Could you retype the lines below, starting at the line holding "Botki Damskie Na" and stopping at the line holding "Vintage 14K Gold", inclusive? Copy them exactly and drop the images.

Task data Block Start

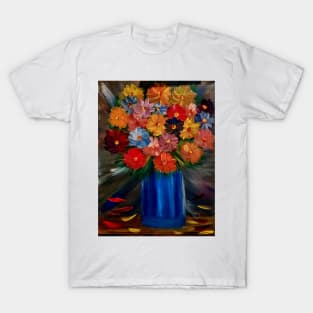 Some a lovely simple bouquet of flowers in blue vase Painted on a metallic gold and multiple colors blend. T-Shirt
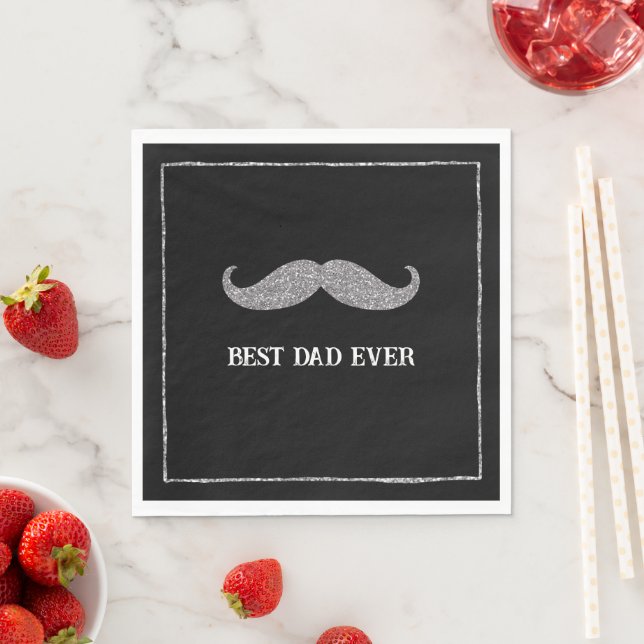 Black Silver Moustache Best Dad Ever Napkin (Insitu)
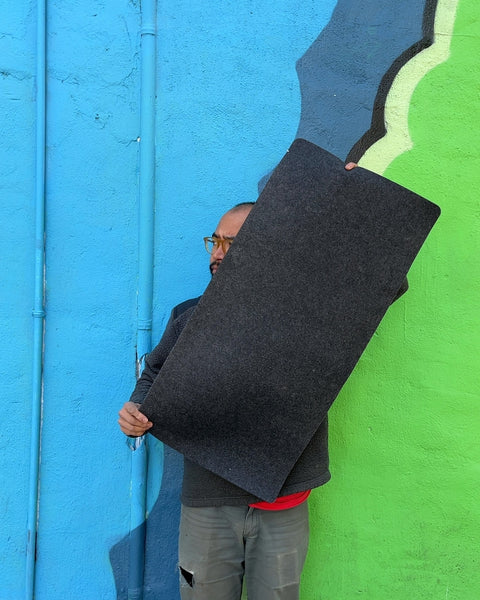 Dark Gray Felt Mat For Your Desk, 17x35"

Task data Block End
Task data Block Start

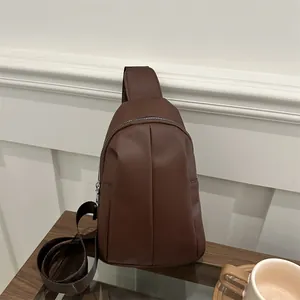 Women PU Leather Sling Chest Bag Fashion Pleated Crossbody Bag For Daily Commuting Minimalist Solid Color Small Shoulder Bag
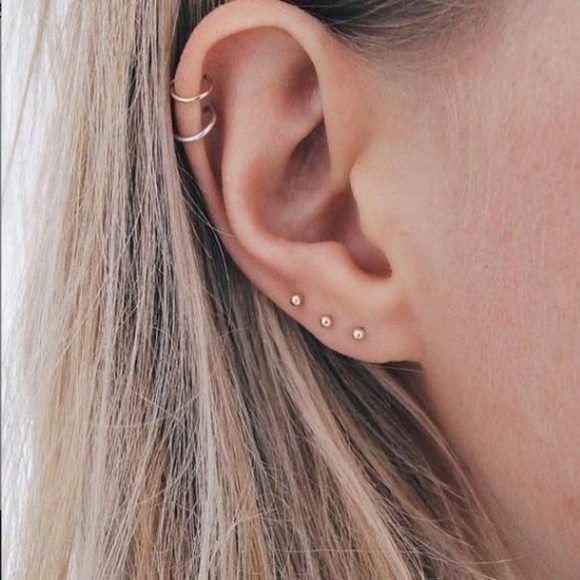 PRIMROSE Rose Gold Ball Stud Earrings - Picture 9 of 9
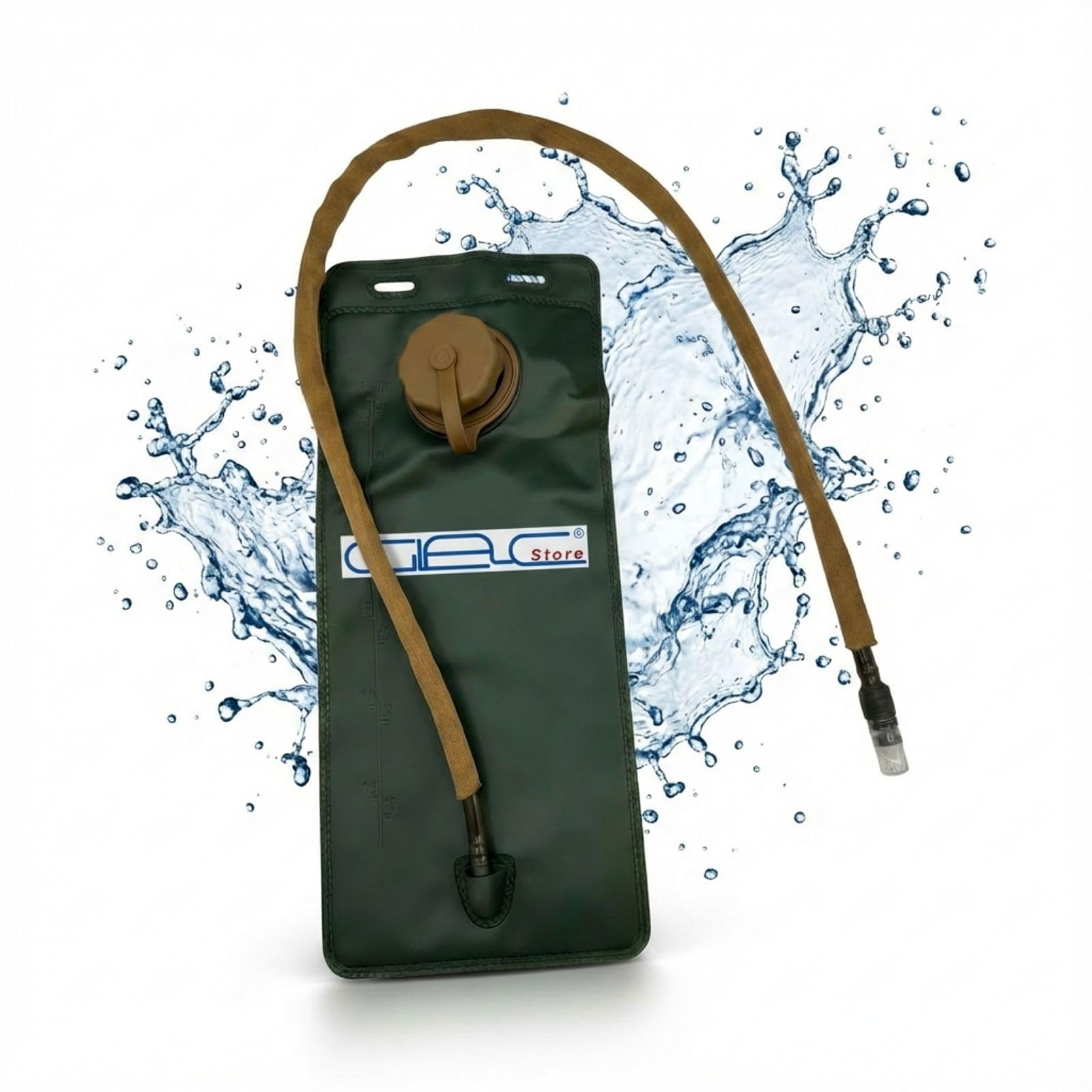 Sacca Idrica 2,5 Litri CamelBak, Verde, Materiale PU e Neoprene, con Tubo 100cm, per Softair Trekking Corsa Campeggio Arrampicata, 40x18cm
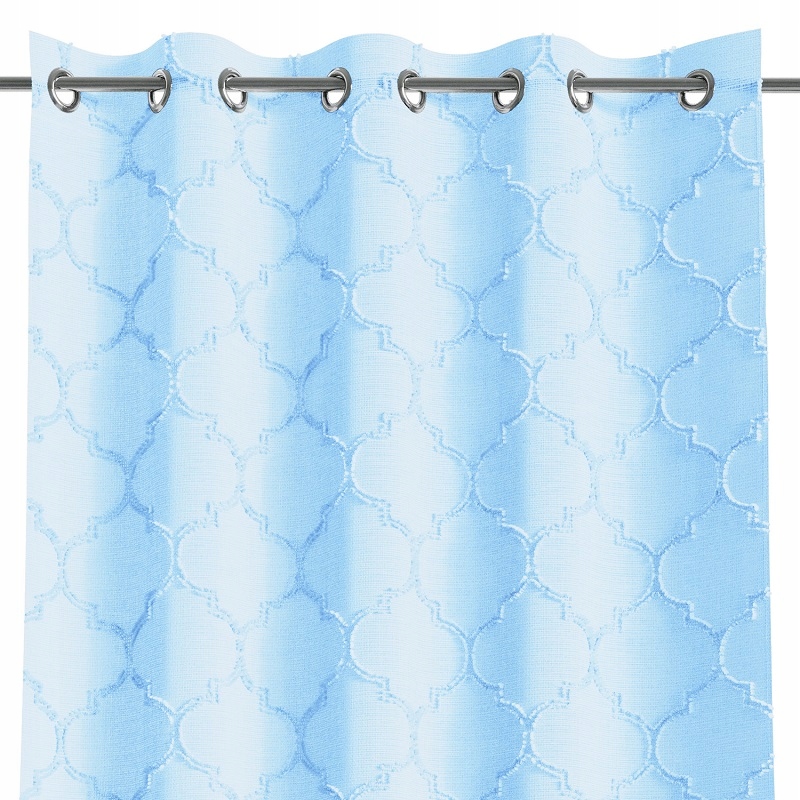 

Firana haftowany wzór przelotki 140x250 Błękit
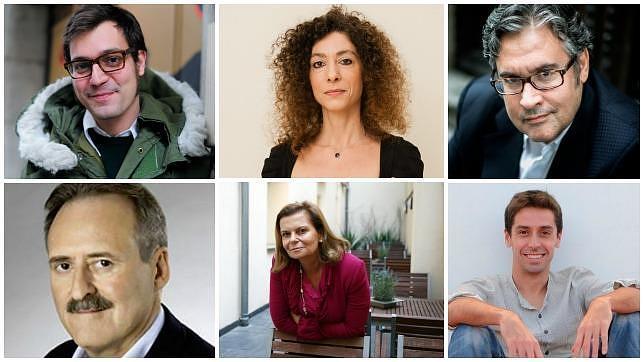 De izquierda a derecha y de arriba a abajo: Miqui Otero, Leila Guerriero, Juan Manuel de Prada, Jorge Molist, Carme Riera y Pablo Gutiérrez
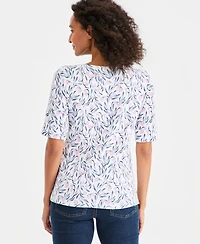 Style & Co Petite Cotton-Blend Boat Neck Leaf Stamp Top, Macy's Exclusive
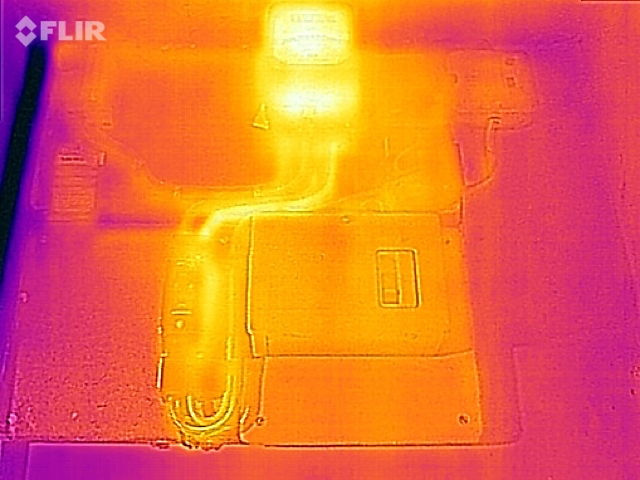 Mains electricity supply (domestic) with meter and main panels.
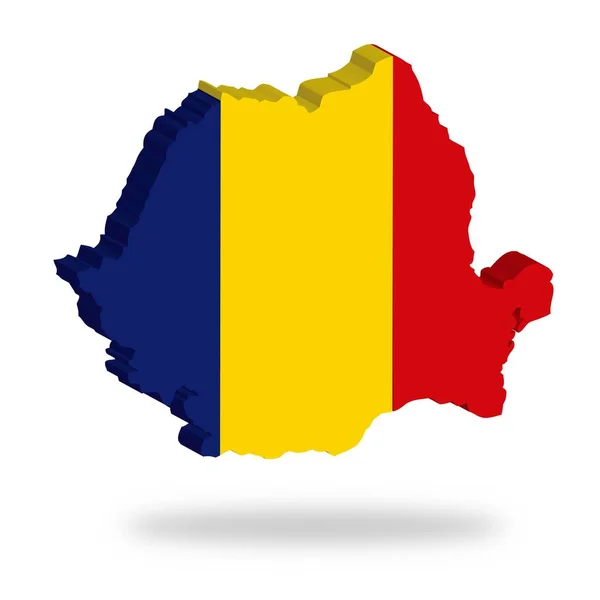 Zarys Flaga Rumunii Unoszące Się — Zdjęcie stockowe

Task data Block End
Task data Block Start

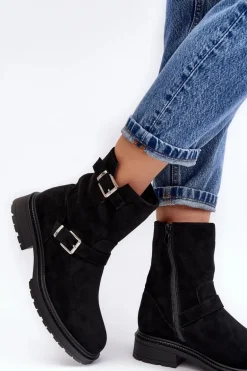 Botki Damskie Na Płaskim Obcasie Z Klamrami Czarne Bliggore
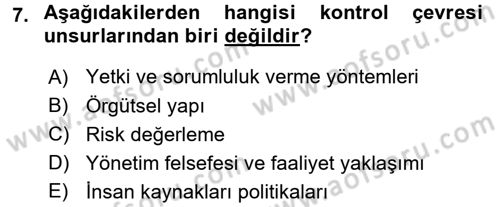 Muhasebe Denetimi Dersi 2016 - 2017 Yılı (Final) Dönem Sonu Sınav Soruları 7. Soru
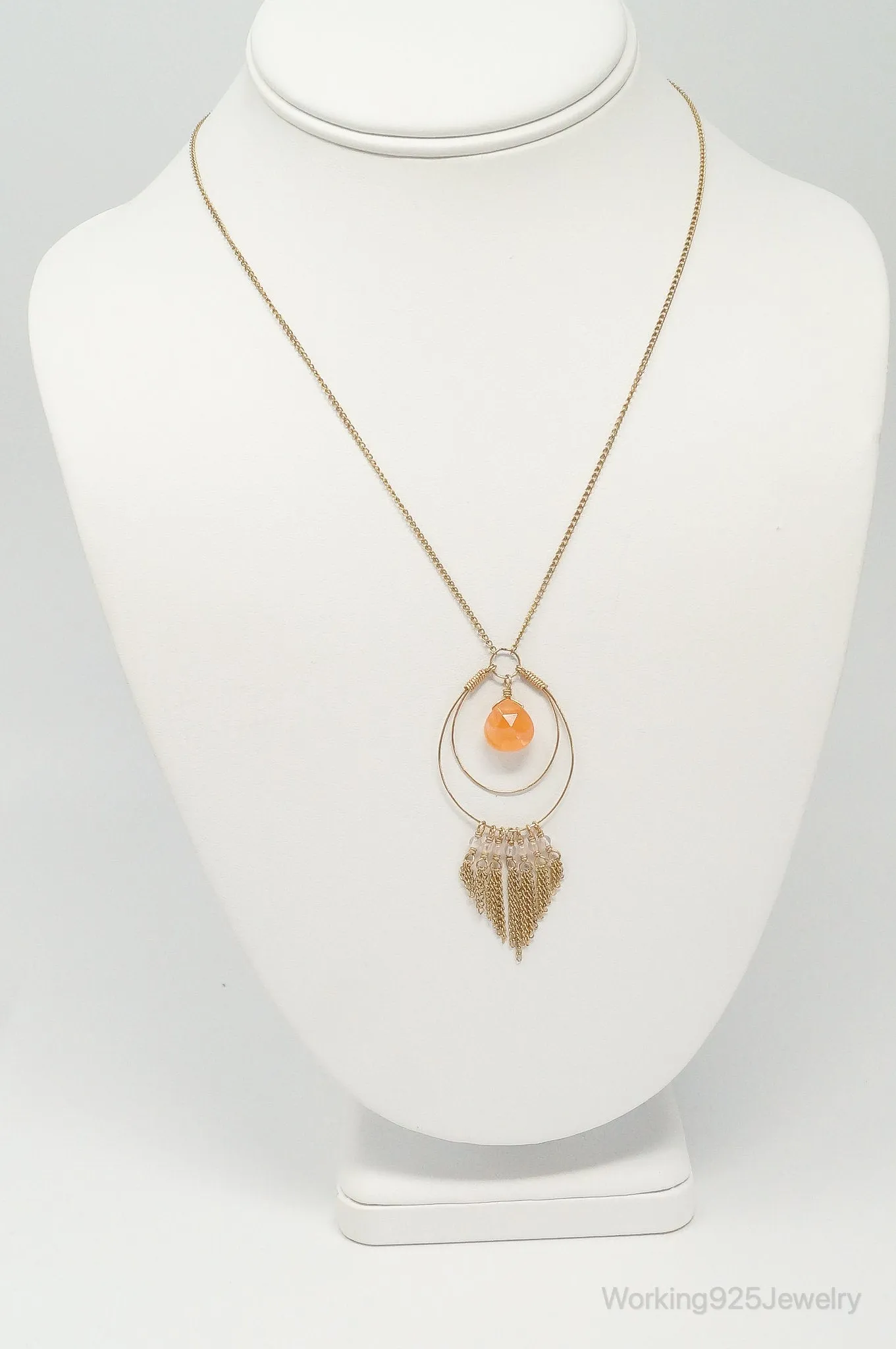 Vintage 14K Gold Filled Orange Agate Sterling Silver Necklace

Task data Block End

Solution to this exercise:
 Botki Damskie Na Płaskim Obcasie Z Klamrami Czarne Bliggore
 Muhasebe Denetimi Dersi 2016 - 2017 Yılı (Final) Dönem Sonu Sınav Soruları 7. Soru
 Vintage 14K Gold Filled Orange Agate Sterling Silver Necklace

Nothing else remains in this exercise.